I've never thought of insults as having real meaning anyway. Otherwise I'd have to be a complete Puritan to use "fuck you" and "fucker" as cusses. Similarly, I say "Star Wars sucks" even though it can't literally do that.#: Posted by on 03/14 at 06:48 PM -
Pardon the misfire above!
I agree with the posters above who advocate trying to appeal to the reachable religious, electorally and ideologically.
It seems to me a mistake to say that the religious left has not helped progressive causes save in two instances. First, those are two pretty big instances. It isn't likely the Civil Rights movement of the 60's would have gained much steam without the leadership and grass-roots of people motivated by religious ideals.
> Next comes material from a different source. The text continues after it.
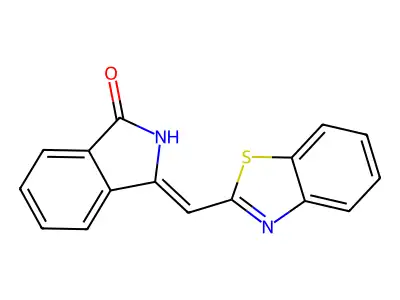 1H-Isoindol-1-one,3-(2-benzothiazolylmethylene)-2,3-dihydro- structure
Their successes should not be dismissed blithely. Against the backdrop of hundreds of years of religious apathy or active hostility to civil rights for blacks, the religious left won the debate on race decisively. Now, the "fringe" faiths are likely to be defined by their racist views. Even the likes of Jerry Falwell or Roy Moore today would never want to be seen as openly anti-black; would that have been likely of them 50 years ago?
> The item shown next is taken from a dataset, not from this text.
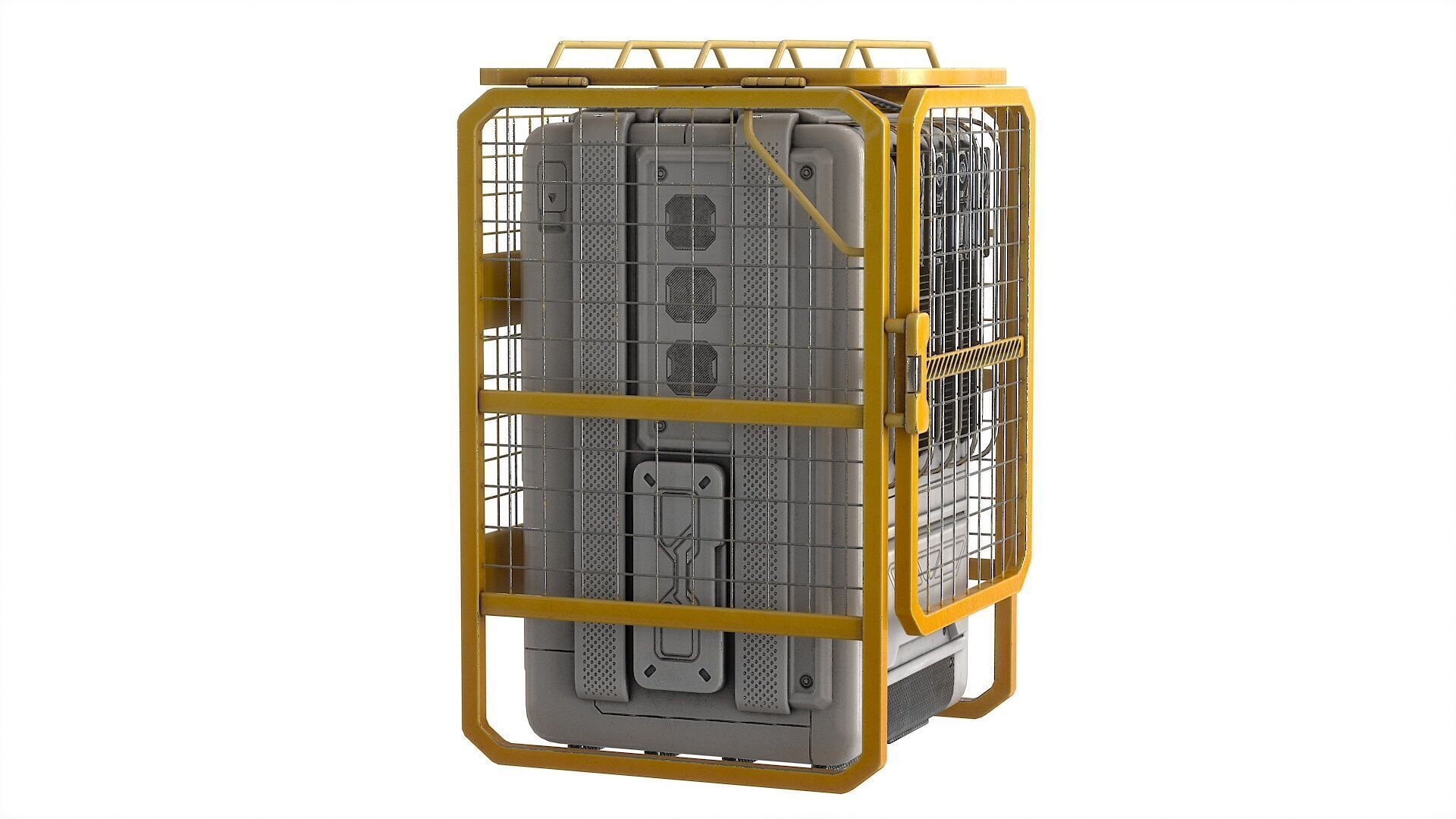 Sci Fi Device Generator Battery v1 Low-poly 3D model_16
And saying that we should shrug off religious appeals because for every one religious person the Left convinces there are two whom we have failed to convince strikes me as looking at the thing in an outcome-determinative way. If the left started with 0 religious people for our cause and 3 people against it, and ended in a 1/2 split, how is that an argument against religious appeals? The playing field of religious debate does not go away if we ignore it; even when the Left doesn't win the day as decisively as in the Civil Rights era, even carving out some turf from the reactionary is worthwhile. And you never know until you try - the movement the religious left mounts tomorrow could be the next big one. Probably not. But how does it hurt us to invest some resources crafting appealing religious messages for the 90% of the population who admit to being moved by religious messages?#: Posted by on 03/14 at 06:57 PM -
I'm not the least bit in favor of cozying up to godders. Wallow in unreason so we can count the unreasonable as allies? Something wrong with the very core of the idea.
And yet ... I've occasionally thought it would be fun to walk up to those people marching around with posters of aborted fetuses and say "Praise Jesus, brothers and sisters, do you mind if I join your holy work?" And then start shouting at passersby insane stuff like "Etch-a-Sketch is an abomination before the Lord! The child who drinks fluoridated water shall be cast into the flames! John Galt is innocent! His holy work must go on!"
On a side note: Since the 2004 election, I've been hearing people say the Dems need to "reach out to the faithful," in order to win votes. Why bother having two parties? In fact, honestly, I think a MUCH more workable strategy would be for everybody to JOIN THE REPUBLICAN PARTY. Seriously. The Republicans would shit if the Dems just dissolved their party and moved to the GOP. I'd bet there are a lot of moderate Republicans who'd find they had things in common with the new members, and the power of the extremists in the party would be diluted down by the influx of new members. The party would move back to center.